[Task requirements]
Scan the records for lines with the string "image". Say how many there are, and add nothing.

[Task data]
===============
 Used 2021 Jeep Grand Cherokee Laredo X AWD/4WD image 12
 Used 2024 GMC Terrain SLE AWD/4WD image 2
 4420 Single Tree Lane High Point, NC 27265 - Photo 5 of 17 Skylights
===============
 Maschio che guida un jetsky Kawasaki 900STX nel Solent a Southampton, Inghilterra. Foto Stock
===============
[Answer section]
2